I thought of Greg’s big bathtub. And one hand rising out of the writhing mass.

“Have you been to the north end of the Key, Vic?”

“I walked up there just the other day.”

He nodded. “I haven’t been there on foot since the snake hunt, but I’ve seen it plenty of times out fishing. The Key has changed a lot in the last forty years or so, been built up something terrible, but the north end is just the same now as it was then. A shell beach that looks like a great big lopsided triangle, am I right?”

“Just right,” I said.

He nodded. The mask went down. A sip of water. The mask went up.

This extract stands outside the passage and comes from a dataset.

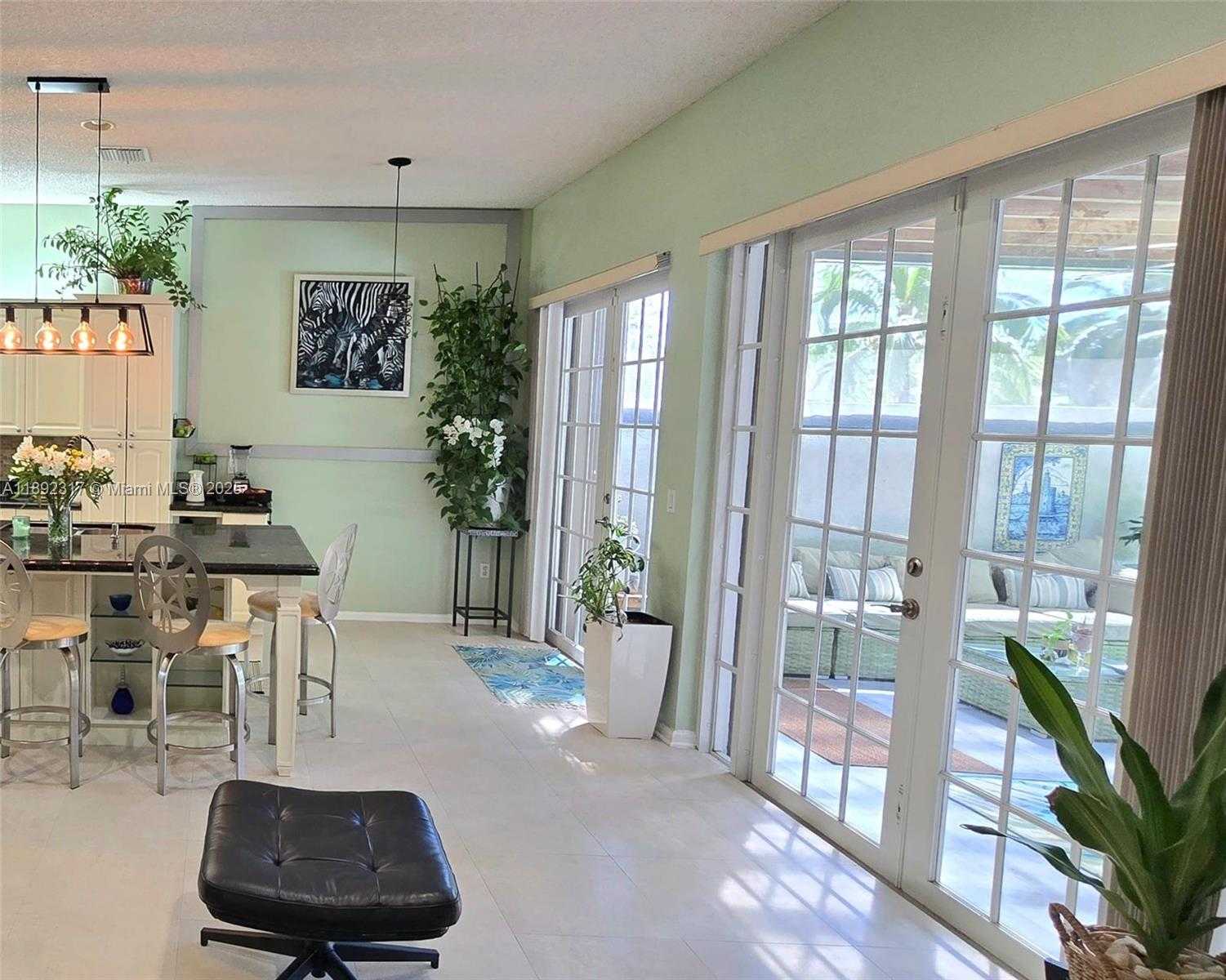 Small Image of 1406 NORTH WEST 159TH LN, Pembroke Pines Number 12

“That’s where the snakes ended up, with no place to go except Daylight Pass. Backs to the water, you could say, except snakes are all back, aren’t they? That half-acre of beach was covered with them. You couldn’t see the shells at all, except every now and then for a split second or two as they moved around, shaking their tails. They were crawling all over each other, too. Enough poison in those snakes to kill half the people in Tampa, you would have said.

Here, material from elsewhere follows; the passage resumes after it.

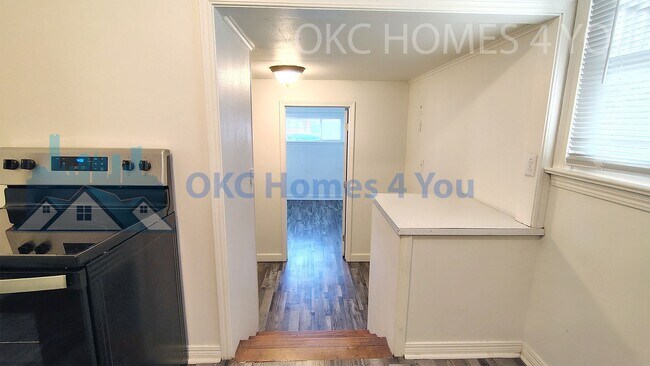 Building Photo - Charming 2 Bedroom near I-44 & May Ave.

“We had a bunch of firemen from the Palm Village station and a bunch more from up Highway 41 in Nokomis. Big strapping fellows. Had to be, because they had twenty-gallon Smokechaser packs on their backs. What used to be called Indian pumps. Those things are made more for fighting brush fires, of which we have a lot, but they didn’t hold water that day. They were filled with kerosene. When we had the snakes—most of em, folks found strays for months after—with nothing but water behind them, those boys sprayed them very good and proper. Then my old friend Jerry Gant, Palm Village Fire Chief, long gone, fired up a Bernzomatic propane torch and flung it. Those rattlers went up in a sheet of flame, and the stink—oh my God, it was terrible, and I could never get it out of my clothes. None of us could. Washing em didn’t do any good. They had to be burned, like the snakes.”

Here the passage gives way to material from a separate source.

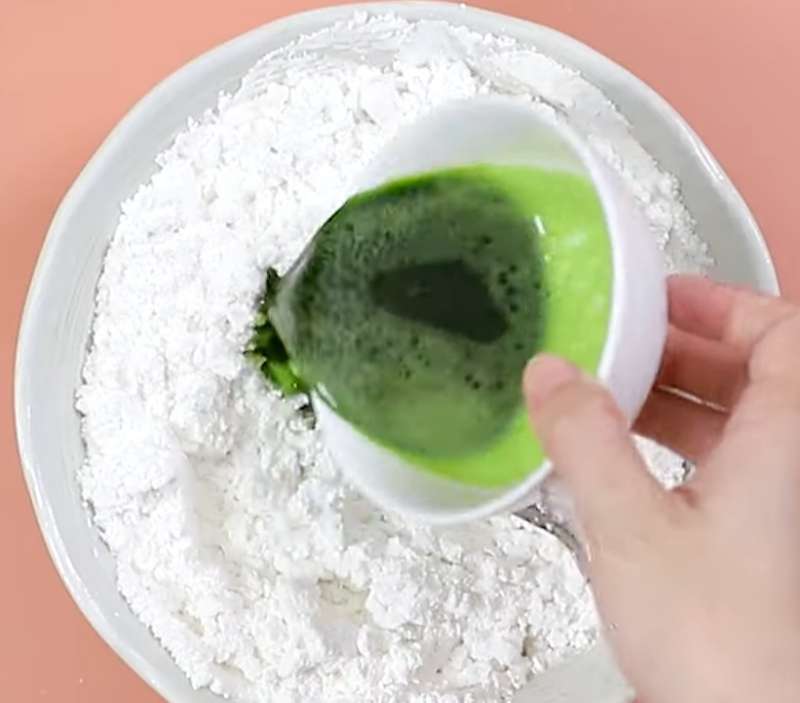 Nhào bột lá dứa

He sat quiet for a moment, eyes on his glass of water. He would return to the reason he’d come, but right now he wasn’t here at all. He was seeing those burning rattlesnakes and smelling their stench as they writhed in the flames.

“Duma was still there back then, and some of the snakes swam for it. Maybe a few even made it, but most drowned. I don’t know if you noticed there’s a whirlpool where the water from the bay meets the water from the Gulf—”

“I’ve seen it.”

“That whirlpool… that eddy… was stronger when Duma Key was still there, because the water came through with a lot more force. I bet it’s sixteen feet deep right there where the water spins, maybe more. Dug out the channel bed, you know. Plus the tide was low that day, which increases the spill from the bay. We saw snakes spinning in that eddy, some still on fire.

“And that, Vic, was the Great Snake Drive of Eighty-Whatever.”

“Quite a story.”

“Now you tell me one. About how you knew Alita Bell and how you found her.”

“I didn’t know her at all, and I only saw her twice. Alive, I mean. The second time she brought me oatmeal raisin cookies. We ate some at this very table. Had them with milk. I said hello to the twins.”

“Did you, now?”

“Maybe it sounds crazy, but it didn’t feel crazy. It felt like the polite thing to do. Because in all other ways she struck me as completely rational. In fact—” I frowned, trying to remember. “She said she knew they weren’t there.”

“Huh.”

Hadn’t she also said and yet they are? I thought so, but I couldn’t quite remember. If she had, she was right. I knew that now for myself.

“And someone brought that stroller back. Not once, but twice.”

“Yes.”

“But you didn’t see anyone.”

“No.”

“Didn’t hear anyone.”

“No.”

“Didn’t notice the motion lights going on, either? Because I know Ackerman had em put in.”